Overall we end up with:
- 16 data bits
- 1 C/D bit
- 1 "modulus" bit (with a probability of 1 lower than 50%)
- 2 parity bits for faster detection and reduced buffer size.
All we can do is before and after this stage.
- "Before" is relatively easy: it amounts to computing two parity bits, in parallel with the gPEAC. The revised version checks the input data (16 bits) and the Y register (18 bits). The 34 bits are interleaved to spread the parity evenly across the 2 bits. The X register is part of the state of the scrambler but not readily available for the descrambler.
- "After" is again the 3-sections Gray parity circuit, that takes 17 bits and generates 3 more parities, XOR-mixed with the M and P0/P1 bits. Or (maybe better), the M/P0/P1 bits could be used as the "solid" bits in this codec. There is no need for more interleaving before and after since the Nibble interleave already does a good job on the link side, and the gPEAC side has no "tropism" towards a given bit (previously, it was about the MSB of PEAC but this is replaced with a more general parity).

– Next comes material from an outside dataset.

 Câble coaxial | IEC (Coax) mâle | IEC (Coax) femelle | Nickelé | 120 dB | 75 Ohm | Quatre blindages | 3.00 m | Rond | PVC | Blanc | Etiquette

This is relatively simple but this lengthens the pipeline and latency of error detection, now 3 cycles:
- de-Gray (some XORs deep)
- gPEAC subtraction (2 cycles)
- parity of output data and Y, and comparison
3 cycles is 60 bits and I don't even count the PHY overhead. But this is worst case and is not necessarily pipelined if the bandwidth is slow enough.
The compromise is justified though : it may take 3 words to start detecting an error but then the rate of detection is much higher. I also got rid of the weird "parity combination" and a lot of awkward wire permutations. This also preserves the 2-word signalling protocol since the data/payload itself can hold more extra bits for checking.
Which brings me to an extension of the protocol with control words...
...............
Update :
the post-Gray decoder needs the interleaving to match the latency of subtractor's logic depth.
So the architecture is mostly like before, and the Vs are folded to follow the gPEAC's carry chain. The gPEAC can be built around three Radix-6 Carry Lookahead Adder blocks.
This "shaves" a few logic gates of latency and merges the first two (pipeline/logic) stages. Alternatively, the de-Graying can also be computed during the nibble unshuffling. But integrating the de-Graying with the subtractor might offer some opportunities for optimisation of the several XORs.
As a consequence: the m/p/p bits are XORed with the partial parities later/in parallel.